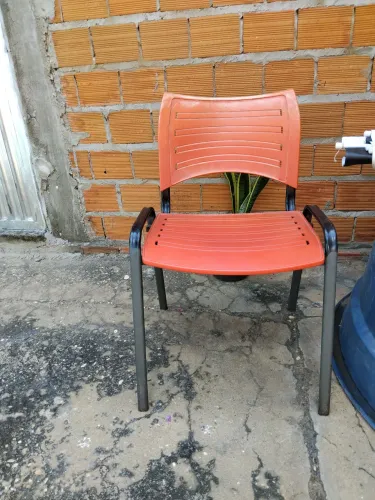 Cadeira vermelha usada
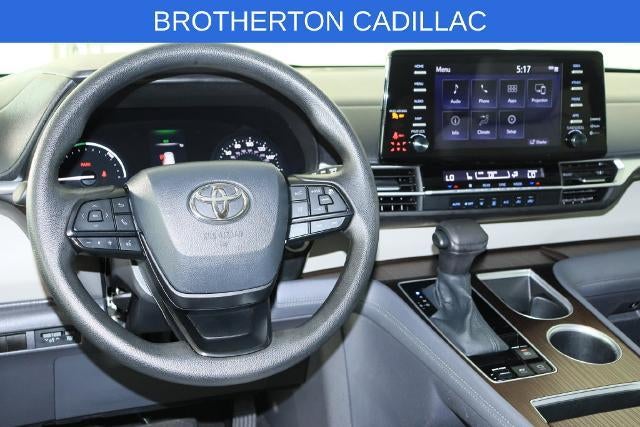 2024 Toyota Sienna LE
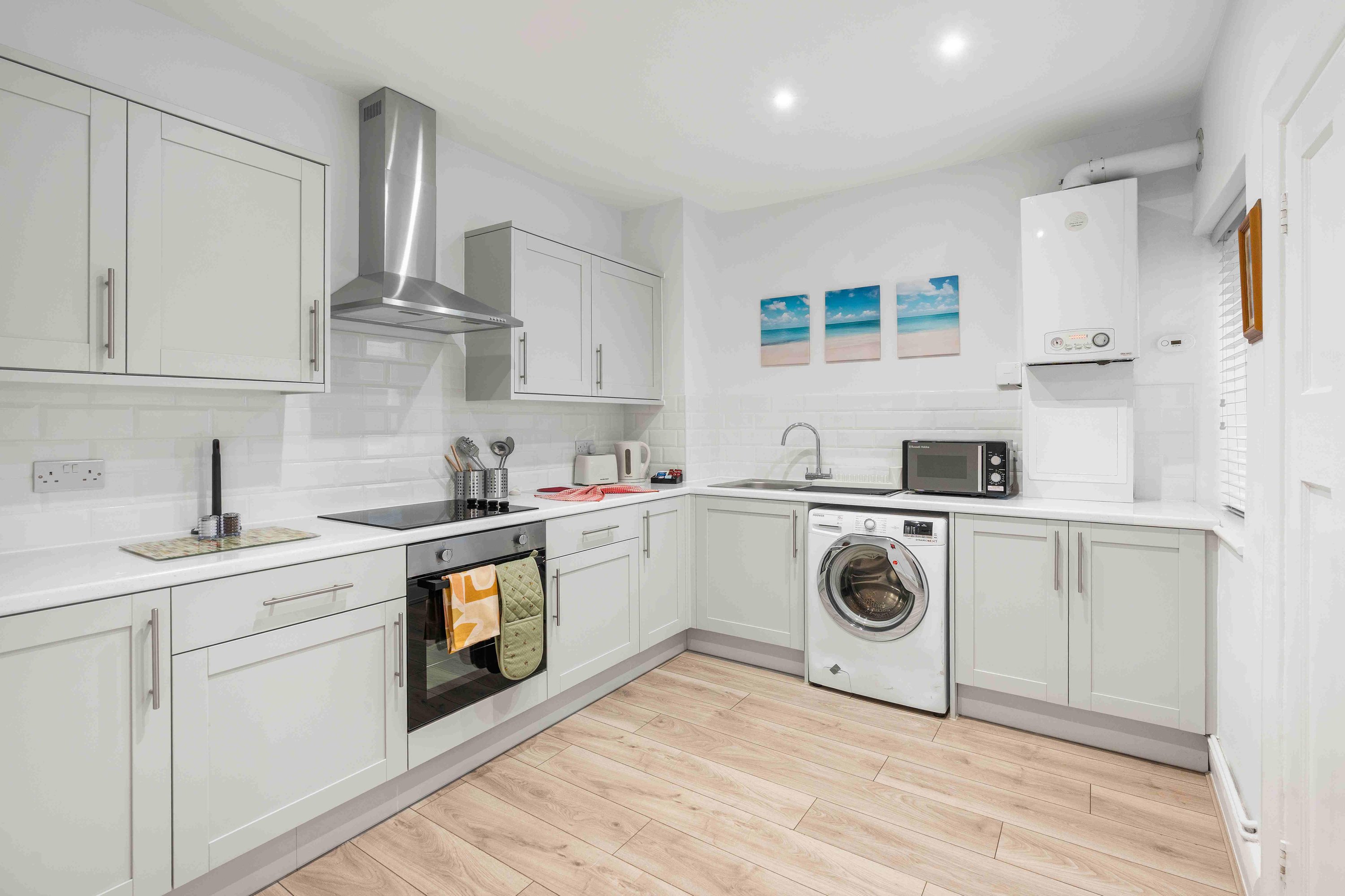 Ferry Fab Pad | By My Getaways in 15A Ferry Road, Shoreham Bn43 5RA - Property image 9 - VivreStays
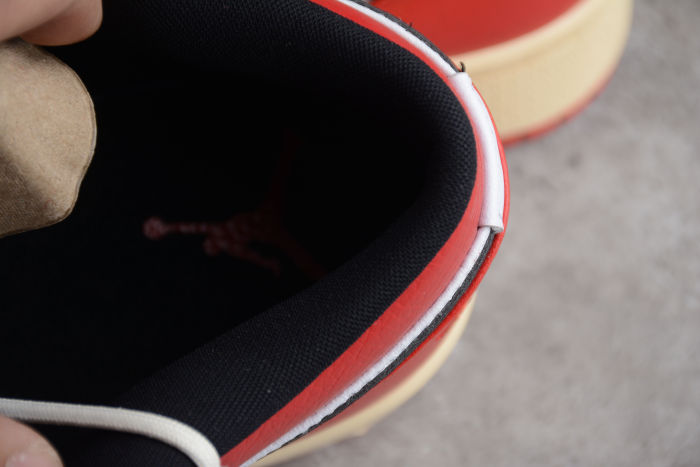 Air Jordan 1 Low Black Red Chicago 553558-118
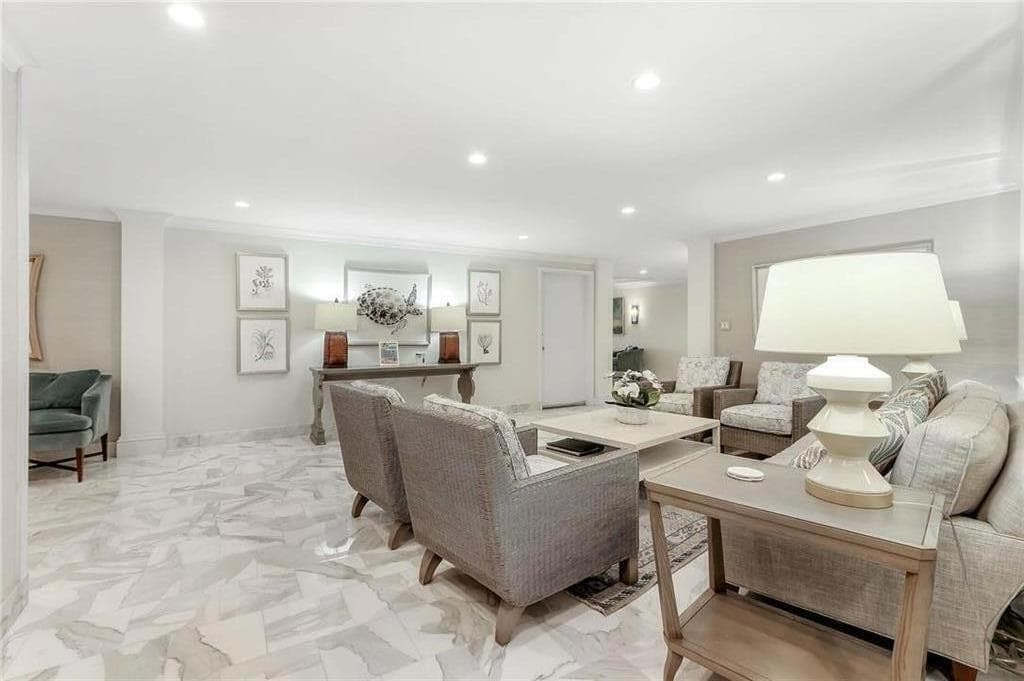1750 S Ocean Lane 219 photo 19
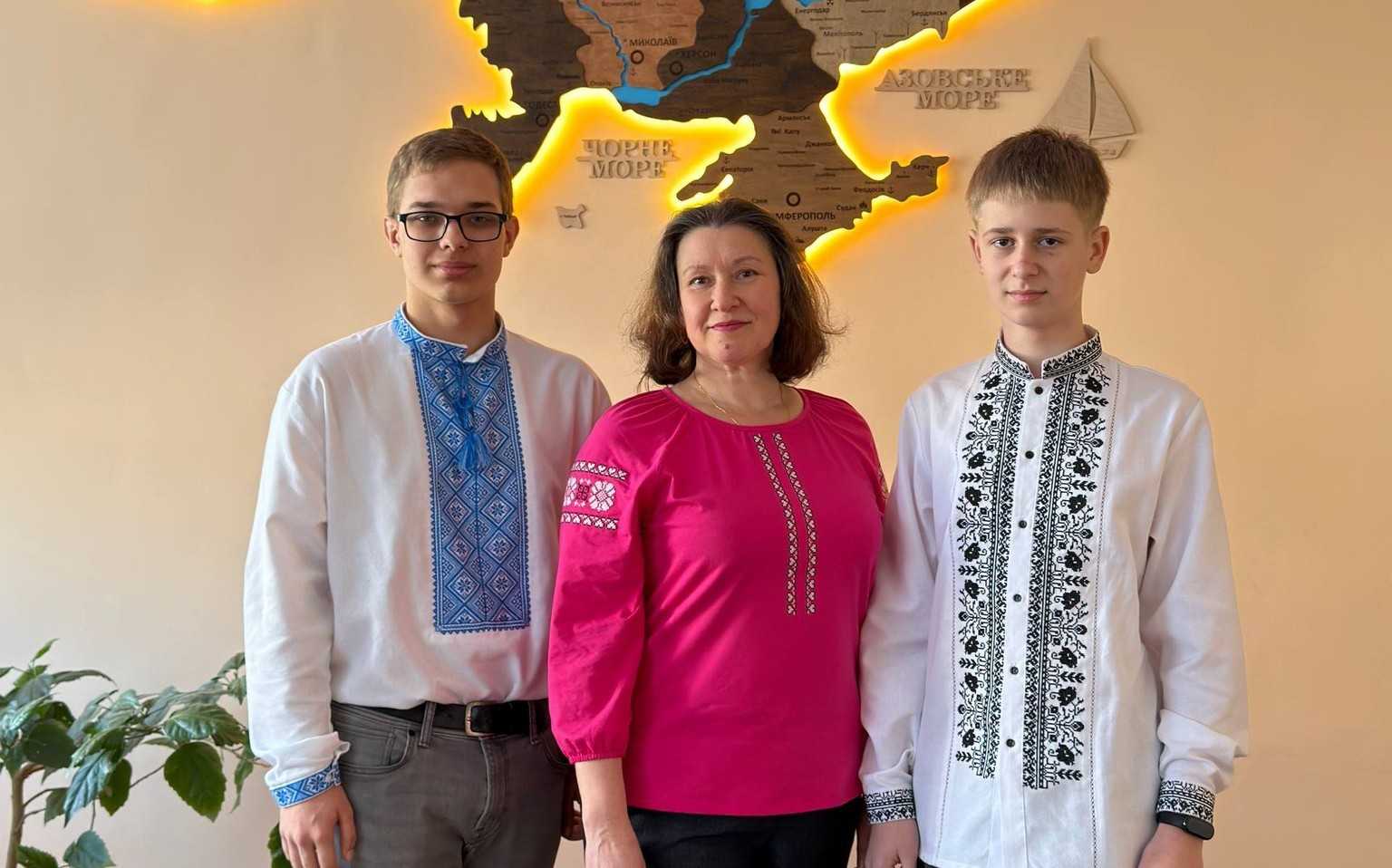 Наші учні серед кращих юних науковців!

--- DESCRIPTION OF THE TASK ---
Return every line of the records exactly as given, pictures excluded.

--- ANSWER SECTION ---
 Cadeira vermelha usada
 2024 Toyota Sienna LE
 Ferry Fab Pad | By My Getaways in 15A Ferry Road, Shoreham Bn43 5RA - Property image 9 - VivreStays
 Air Jordan 1 Low Black Red Chicago 553558-118
1750 S Ocean Lane 219 photo 19
 Наші учні серед кращих юних науковців!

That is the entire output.